The original Sketches Of Spain is considered a classic due to its scope, and the talents associated with the project, rather than the superiority of the material or the production. It is not the best work from either Davis or arranger Gil Evans and was not as widely popular as Davis' earlier work or his later reinventions. In some respects, the Soloff / Richman version is remarkably similar. Each of the five pieces in the new recording plays within seconds of the original track length. Richman's arrangements, while adding some additional texture and shading, are ultimately respectful of the Evans approach. However, there are notable differences between the versions as well. Richman conducts the 19-piece Harmonie Ensemble New Yorka downsizing from the 27-piece Evans orchestra. The effect is that the sound is now cleaner and more focused. The jazz element is not at war with a symphony as is sometimes the case in the original, and the result is that the Soloff improvisations retain more continuity with the larger group .
The first of the two benchmark pieces in the collection is "Concierto de Aranjuez," composed in 1939 and the most well known of Joaquin Rodrigo's classical compositions. It is the central movement from this work that opens the first 16-plus minutes of the collection. The point of differentiation between the two versions is in the quality of sound, not necessarily just from an engineering perspective, but from the depth and tonality of the playing. Soloff plays muted trumpet on the piece whereas Davis's version was played on a flugelhorn with a Harmon mute. Soloff's is a more direct voice with longer, more fluid notes and a deep resonant feeling. The great bassist Francois Moutin supplies more than a placeholder of jazz structure as in the Paul Chambers original. Moutin's improvisation adds support directly to Soloff, making the jazz component of the composition that much stronger. The closing piece, the 12 minute Evans composition, "Solea," is a powerful rendition of the original. Soloff's Latin flavored solo is imposing and opens into the ensemble's slowly building roll. Moutin's rhythmic pulse unifies the piece, carrying it back and forth from the discreet to outright fanfare and setting the stage for a second strongly improvised Soloff solo.

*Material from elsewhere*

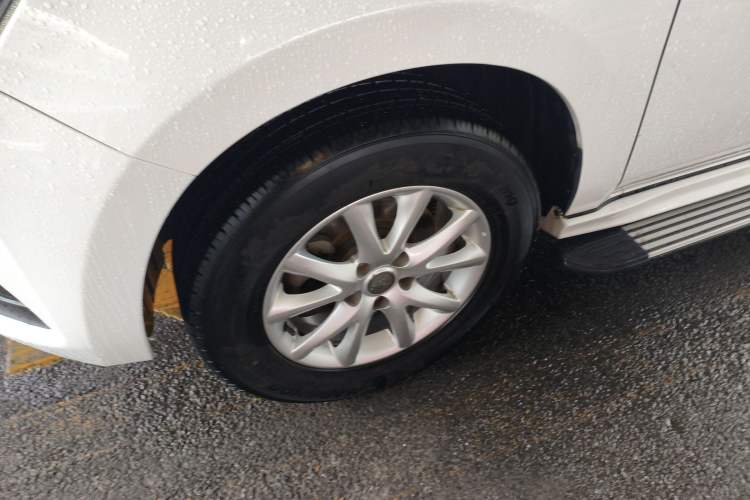 Used Venucia T70 2015 1.6L Manual Ruixing Edition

Side-by-side comparisons tend to negate the matter of artistic choice, but they are inevitable when so many elements are shared by two versions of the same work. Suffice to say that the SoloffRichman version of Sketches Of Spain stands on its own merits as an outstanding work in the niche of symphonic jazz. While much credit goes to Richman's vision, it is Soloff's improvisational skills that step into sacred ground and enhance the original without deconstructing it entirely. Lew Soloff has long had his place in the highest echelon of trumpeters. His experiences have included a long stint with an early formation of Blood, Sweat & Tears, a group that like the original Chicago Transit Authority, were pioneers in jazz-rock (as opposed to fusion). Soloff has also been a mainstay with the Gil Evans Orchestra during and after Evans' own presence, and a regular with the larger Carla Bley ensembles. He has here successfully brought his cross-genre experience and virtuosic talent to a project that required nothing less.
Tracks: Concierto de Aranjuez; Will O' The Wisp; The Pan Piper; Saeta; Solea.

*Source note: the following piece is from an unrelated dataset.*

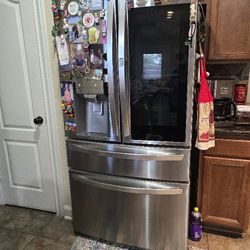 Refrigerator LG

Personnel: Lew Soloff: trumpet. Harmonie Ensemble New York: Dominic Derasse, Kenny Rampton, Joe Giorgianni, Marc Osterer: trumpets; Mike Seltzer, Earl Mcintyre, R.J. Kelley, Doug Lyons, Vincent Chancey: trombones; Marcus Rojas: tuba; Ed Joffe, Ralph Olsen, Rick Heckman, Charles Pillow, Ron Jannelli: reeds; Stacey Shames: harp; Francois Moutin: bass; Jim Musto: drums; Jon Haas, Erik Charlston: percussion; Steve Richman, conductor.